In total 43,744 km2, or 7.2% of the territory of Ukraine, are not controlled by the government.
The Minsk agreements deal only with the occupied territories of Donetsk and Luhansk oblasts.
Where is the Line of Contact defined? What is the so-called “grey zone”?
The contact line was defined by the memorandum of 19 September 2014, which followed up signing of the Minsk Protocol (Minsk-1). The line of the contact recorded by the memorandum was based on the actual positions of the sides. The memorandum established the 30-km buffer zone between the sides by pulling heavy weaponry 15 kilometers back on each side of the line of contact. The buffer zone is also known as the “gray zone.”
What is the OSCE doing? Why can’t they secure peace?
The ceasefire is monitored by two bodies, the OSCE Special Monitoring Mission (SMM) and the Joint Center for Control and Coordination (JCCC). But they just monitor how well the sides are sticking to the ceasefire.
The OSCE SMM is an unarmed, civilian mission, observing and reporting on the situation in Ukraine. The JCCC is a bilateral Ukrainian-Russian group of military officers intended to monitor the ceasefire, but the Ukrainian and Russian parts of the JCCC don’t publish joint reports. The latter group has been mostly used to agree local truces for repair works or evacuations. However, on 18 December 2017, Russia announced it was withdrawing from the JCCC until a number of its demands were met.
The scope of the OSCE SMM is all of Ukraine. Initially, the Ukrainian government desired to request a mission that was limited in scope to a particular area of Ukraine, but Russia demanded deploying the mission “throughout Ukraine.”
However, the SMM doesn’t have access to the 409.3 km section of the Ukraine-Russia border in Donetsk and Luhansk oblasts, as well as the occupation authorities of providing the OSCE only with limited access to the rest of the occupied territory. The OSCE SMM has no access to the Russian-occupied peninsula of Crimea as well.
Why is there no UN or other international peacekeeping force on the ground?
The UN peacekeeping operation is currently being negotiated.
Since the beginning of the conflict, Russia has been resisting the attempts to deploy an armed OSCE or any peacekeeping mission. For example, in November 2016, Russian FM Sergey Lavrov said,
“The question is no longer relevant, there exists no such need.

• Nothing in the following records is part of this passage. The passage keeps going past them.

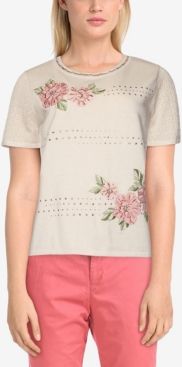 Missy Springtime in Paris Embroidered Flowers Sweater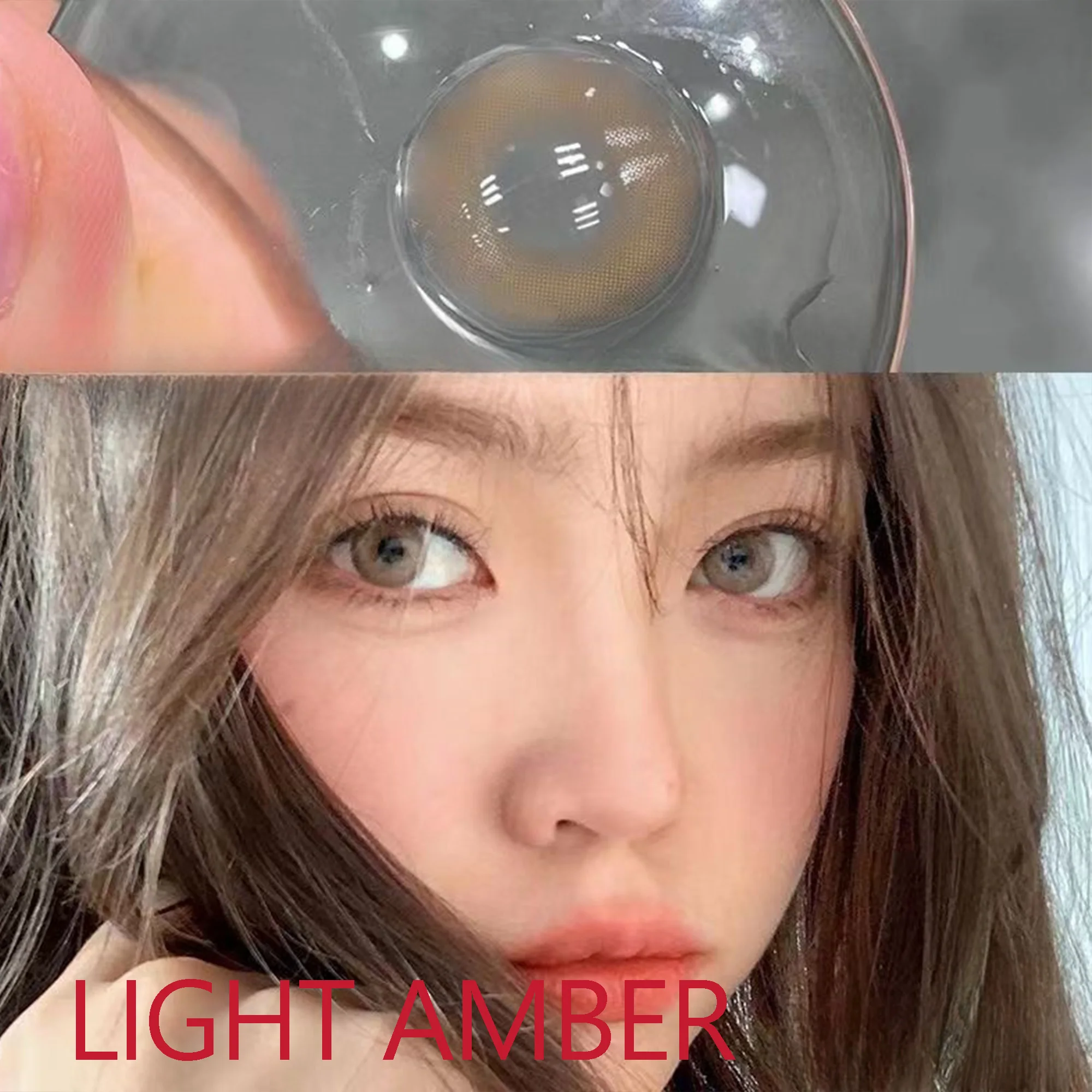 Coslens Glasses Accessories 14.00mm Soft Contacts Lenses with Power Women Men  линзы для глаз цветные Light Amber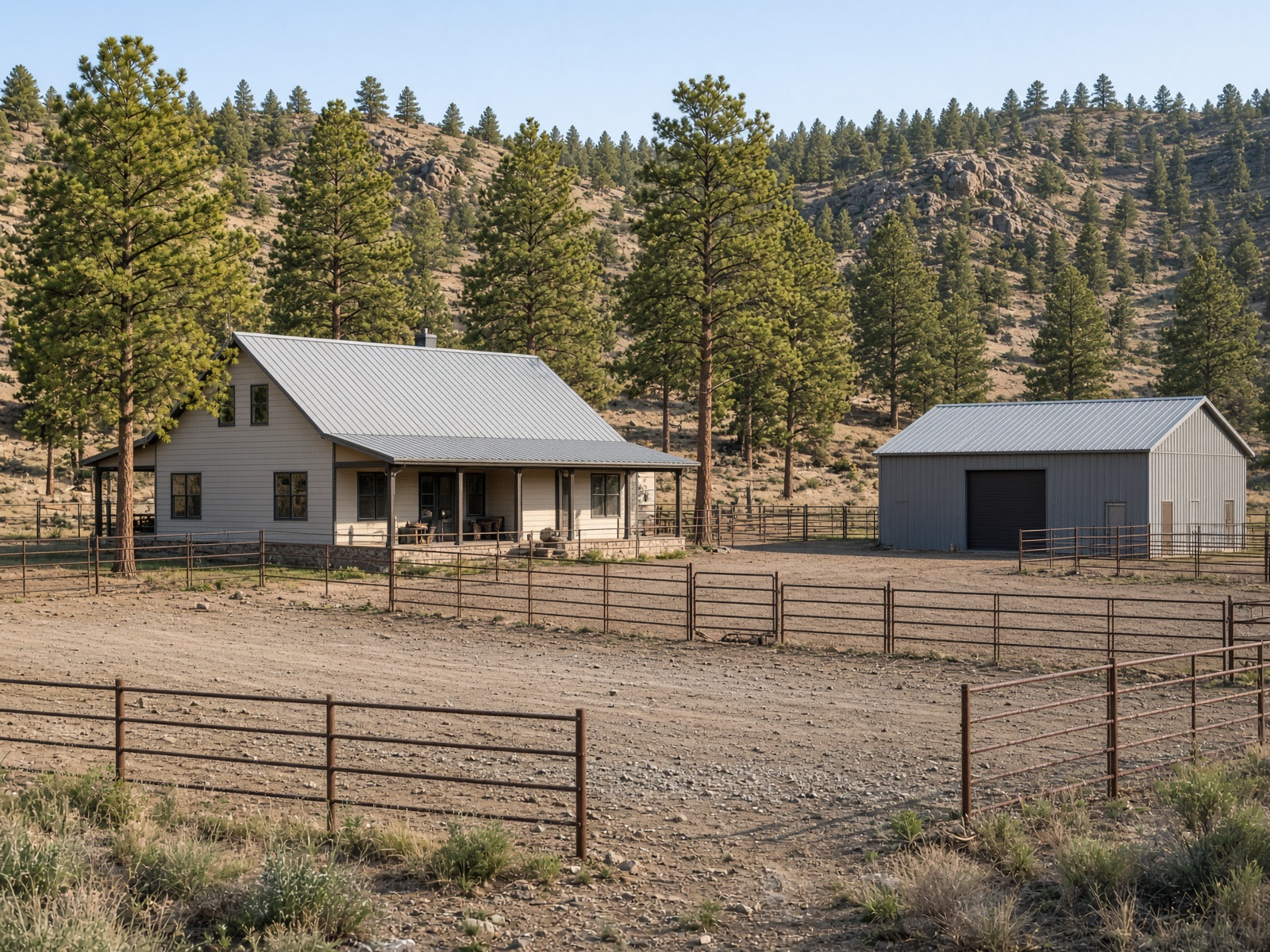 Country house and barn with ribbed metal roofs on acreage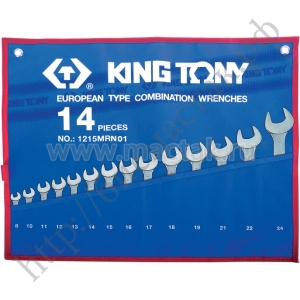 Набор комбинированных ключей, 8-24 мм, чехол из теторона, 14 предметов KING TONY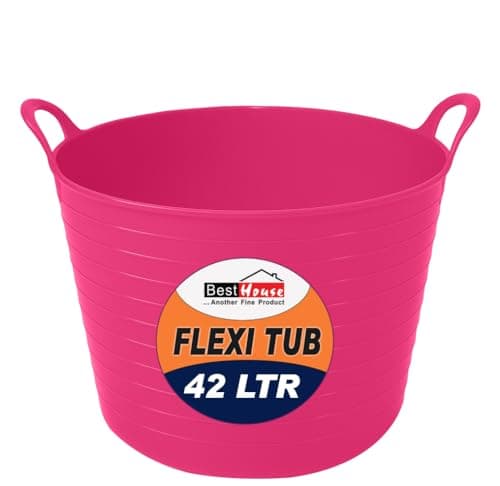 Image of BEST HOUSE | 1 Pc of Flexi Tub with Handles | 42 L | Pink | Multi Purpose Plastic Storage Container for Home, Washing, Yard, Garden Waste and DIY Projects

Today, no one spoke about it. No militarized missions neither that of the OSCE nor of any other structure, which is periodically discussed in Kyiv, no one is considering them.”

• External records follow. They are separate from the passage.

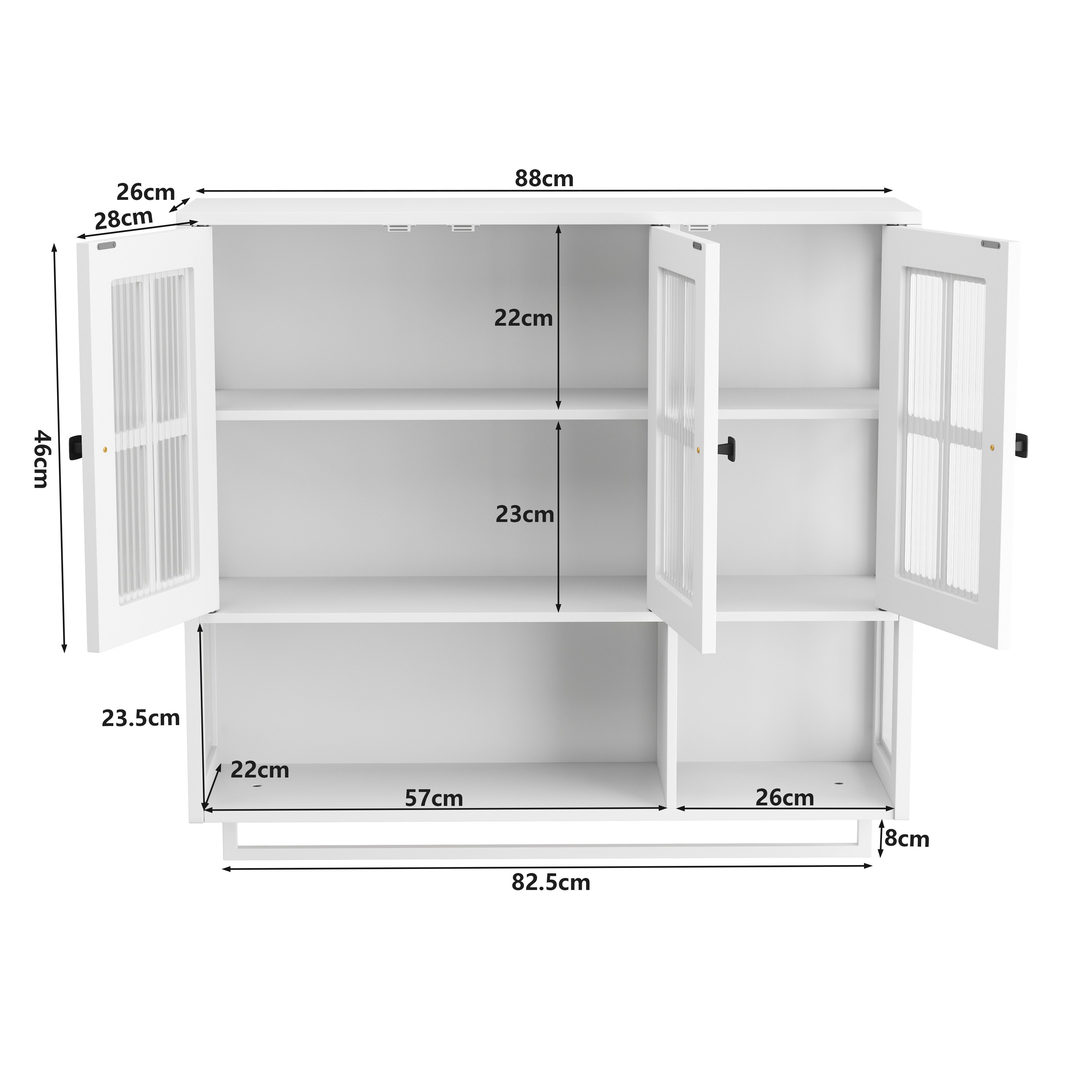 Celya Hängeschrank Badezimmer-Wandschrank, 3-türiger Wandschrank aus Holz ( günstig online kaufen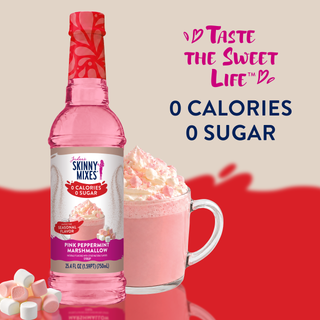 Jordan's Skinny Mixes pink peppermint marshmallow mix bottle with pink mug and whipped marshmallow foam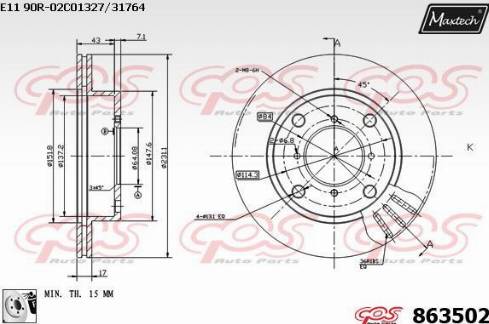 Maxtech 863502.0080 - Kočioni disk www.molydon.hr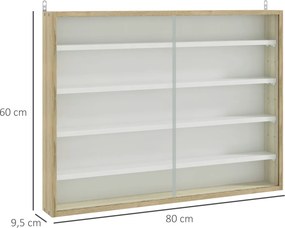 Vitrine de Parede de Madeira com Prateleiras Ajustáveis e 2 Portas Corredeiras de Vidro para Coleções Perfumes 80x9,5x60cm Madeira e Branco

As an aggressor, Russia doesn’t need any force that would be able to control peace in the region. The only peacekeeping mission Russia could accept could be the Russian own mission as it happened before in three other Russian-controlled post-Soviet conflicts in Moldova’s Transnistria and in Georgia’s Abkhazia and South Ossetia. Because Russia creates conflicts in the neighboring states not for their further resolution, but for freezing them with Russian “peacekeepers” deployed.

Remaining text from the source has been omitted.